Several other string types, including OsString, OsStr, CString, and CStr, are also included in the standard library of Rust. There are even more possibilities for storing string data with library crates. They frequently offer an owned and borrowed variant, just like String/&str, similar to the *String/*Str naming. These string types, for instance, can hold text in various encodings or be represented in memory in various ways. These other string types are not covered in this chapter; for more information on how to use them and when each is appropriate, see their API documentation.

Creating a New String

Many of the same operations available with Vec<T> are available with String as well, starting with the new function to create a string:

let mut s = String::new();

This line generates an entirely new, empty string called s, into which we may later load data. Frequently, we wish to begin the string with some beginning data. String literals implement the Display trait, so we can use the to_string method on any type to achieve this.

let data = "Hello World";
let s = data.to_string();
// the method also works on a literal directly:
let s = "Hello World".to_string();

This programme creates a string with empty contents.

In order to build a String from a string literal, we may also utilize the String::from function.

let s = String::from("Hello World");

Since strings are used for so many various purposes, we have a wide variety of generic APIs to choose from. Although some of them might seem unnecessary, they are all necessary. The decision between String::from and to string in this situation is purely a matter of taste.

Keep in mind that since strings are UTF-8 encoded, any properly encoded data can be included in them.

Updating a String

By inserting more data into it, a String can expand in size and have its contents alter, exactly like a Vec<T>. Additionally, we can easily concatenate String values by using the + operator or the format! macro.

Using push_str and push to add to a String

By appending a string slice to a String using the push str method, we can increase its size.

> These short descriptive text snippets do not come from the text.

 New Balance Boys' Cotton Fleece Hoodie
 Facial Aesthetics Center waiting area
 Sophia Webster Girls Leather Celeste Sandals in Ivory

let mut s = String::from("Test");
s.push_str("ing");

Testing will be present in s following these two lines. Because we don't necessarily want to take ownership of the parameter, the push str method accepts a string slice. For instance, the code illustrates how awful it would be if we couldn't use s2 after attaching its contents to s1:

let mut s1 = String::from("test");
let s2 = "ing";
s1.push_str(&s2);
println!("s2 is {}", s2);

We wouldn't be able to print out the value of s2 on the final line if the push str method assumed control of it. But this code performs as expected!

The push method adds a single character to the String by accepting it as an argument. Code for adding the character e to a String using the push method is shown below:

let mut s = String::from("cod");
s.push('e');

This code will cause s to contain code.

Concatenation using the format! Macro or the + Operator 

We'll frequently want to combine two already-existing strings. Using the + operator is one approach.

let s1 = String::from("Hello, ");
let s2 = String::from("world!");
let s3 = s1 + &s2; // Note that s1 has been moved here and can no longer be used

This code will result in the string s3 containing Hello, world!. The signature of the function that is called when we apply the + operator is the reason s1 is no longer valid after the addition and the reason we utilized a reference to s2. The add method, whose signature resembles this, is used by the + operator:

fn add(self, s: &str) -> String {

This signature differs from the one found in the standard library, since add there is defined using generics. When we use this method with values of type String, the concrete types in the add method's signature replace the generic ones. We have the hints we need to understand the tricky parts of the + operator from this signature.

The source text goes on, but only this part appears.